From mboxrd@z Thu Jan  1 00:00:00 1970
Return-Path: <owner-linux-mm@kvack.org>
Received: from mail172.messagelabs.com (mail172.messagelabs.com [216.82.254.3])
	by kanga.kvack.org (Postfix) with SMTP id 55A876B007E
	for <linux-mm@kvack.org>; Wed, 28 Oct 2009 08:01:13 -0400 (EDT)
Date: Wed, 28 Oct 2009 13:00:50 +0100
From: Andrea Arcangeli <aarcange@redhat.com>
Subject: Re: RFC: Transparent Hugepage support
Message-ID: <20091028120050.GD9640@random.random>
References: <20091026185130.GC4868@random.random>
 <87ljiwk8el.fsf@basil.nowhere.org>
 <20091027193007.GA6043@random.random>
 <20091028042805.GJ7744@basil.fritz.box>
MIME-Version: 1.0
Content-Type: text/plain; charset=us-ascii
Content-Disposition: inline
In-Reply-To: <20091028042805.GJ7744@basil.fritz.box>
Sender: owner-linux-mm@kvack.org
To: Andi Kleen <andi@firstfloor.org>
Cc: linux-mm@kvack.org, Marcelo Tosatti <mtosatti@redhat.com>, Adam Litke <agl@us.ibm.com>, Avi Kivity <avi@redhat.com>, Izik Eidus <ieidus@redhat.com>, Hugh Dickins <hugh.dickins@tiscali.co.uk>, Nick Piggin <npiggin@suse.de>, Andrew Morton <akpm@linux-foundation.org>
List-ID: <linux-mm.kvack.org>

Hi Andi,

On Wed, Oct 28, 2009 at 05:28:05AM +0100, Andi Kleen wrote:
> I think longer term the standard VM just needs to understand
> huge pages properly.

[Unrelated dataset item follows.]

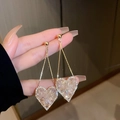 Detail of golden long earrings featuring crystal-encrusted heart pendants and chains - Pink Transparent Crystal Heart Drop (16# Silver Needle)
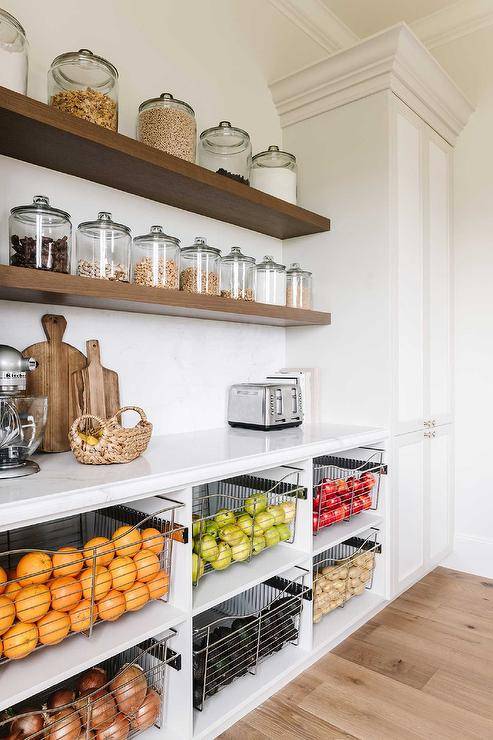 Kitchen pantry features stacked pull out fruit and vegetable bins under floating shelves with vintage jars and white on white pantry cabinets.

Originally when huge pages were only
> considered a "Oracle hack" the separation made sense, but now
> with more and more use that is really not true anymore.
> 
> Also hugetlbfs is gaining more and more functionality all the time.

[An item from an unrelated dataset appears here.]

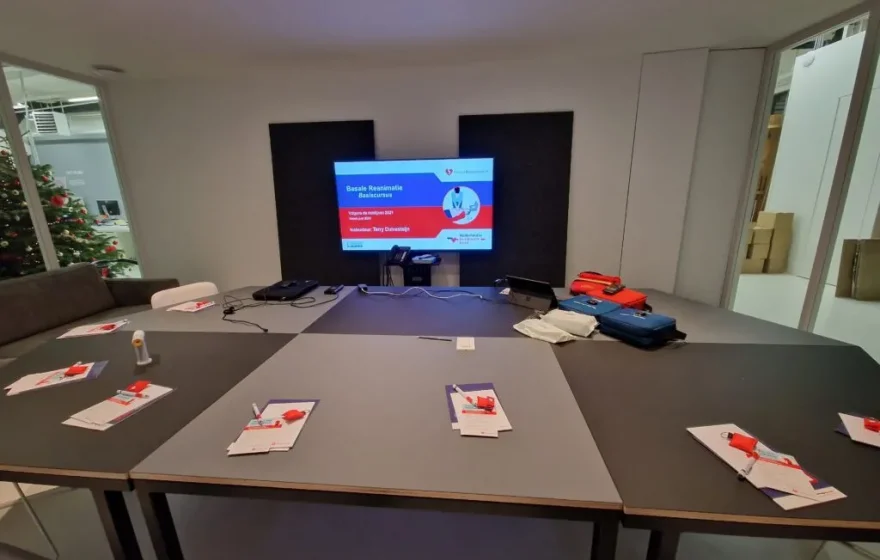 Cursusruimte met stoelen in een kring en reanimatiepoppen op de vloer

This is exactly the problem... and these days there's not just Oracle:
KVM, glibc needs hugepages too all the time, so it's not surprising
even hugetlbfs is gaining more generic functionality but it's still an
awkward model with libhugetlbfs and it still has limitations that
prevents generic use.

> Maintaining two VMs in parallel forever seems like the wrong
> thing to do.

Agreed.

> Also the fragmentation avoidance heuristics got a lot better
> in the last years, so it's much more practical than it used to be
> (at least for 2MB)

"more practical at least for 2MB" is why I suggested to ignore sizes
like 1G. 2M is already on the largy side, and in this work we should
focus on those sizes that can realistically be found on the buddy even
by pure luck on a busy system sometime, and that can be reasonably
found on the buddy if defrag heuristics shrink the cache in physical
order. 1G will never be found by pure luck, at best it could be
defragged but with an huge expensive defrag relocation amount of work
which might not be justified.

> > > The problem is that this will interact badly with 1GB pages -- once
> > > you split them up you'll never get them back, because they 
> > > can't be allocated at runtime.
> > 
> > 1GB pages can't be handled by this code, and clearly it's not
> > practical to hope 1G pages to materialize in the buddy (even if we
> 
> That seems short sightened. You do this because 2MB pages give you
> x% performance advantage, but then it's likely that 1GB pages will give 
> another y% improvement and why should people stop at the smaller
> improvement?

For the reason mentioned above, sizes like 1G will likely remain
available only through boot-reservation and splitting an huge page to
be swapped would require a very expensive split_huge_page
function. Instead of a loop for (i=0; i<512; i++) inside a not
preemptive section with all pmd frozen, you will have a loop of
262144... And swapping 1G page natively without splitting it, is even
less feasible.

> Ignoring the gigantic pages now would just mean that this
> would need to be revised later again or that users still
> need to use hacks like libhugetlbfs.

They will still need if they want the extra y%, because 1G pages
simply can't be generated by the buddy allocator. I doubt we should
increase the MAX_ORDER from 11 to 18, it would slowdown the whole
buddy without actually giving us 1G pages in a timely manner (the
relocation work over 1G would be very expensive so not suitable for
transparent behavior).

> Given 1GB pages for a time are harder to use on the system
> administrator level, but at least for applications the interfaces
> should be similar at least.

I see your point here in wanting to use the generic interface, we
could have the page fault in the madvise vmas that fits a 1G naturally
aligned region, search into a reserved region first, and if they don't
find the 1G page reserved they could search the buddy for 2M
pages. But still the problem is there's no way to swap that 1G beast
if we go low on memory. It's not transparent behavior, but we could
share the same madvise interface, true! I doubt we should map 1G pages
in tasks outside of madvised vmas, because of that ram being special
and reserved. In some ways hugetlbfs providing for permissions in
order to take advantage of the reserved regions is better than
unprivileged madvise. Not to tell the problem of clearing and copying
of a 1G page during page fault...

For the transparent 2M pages instead if an unprivileged user end up
using them the whole system gains because the more people uses 2M
pages the less fragmentation there is in the system.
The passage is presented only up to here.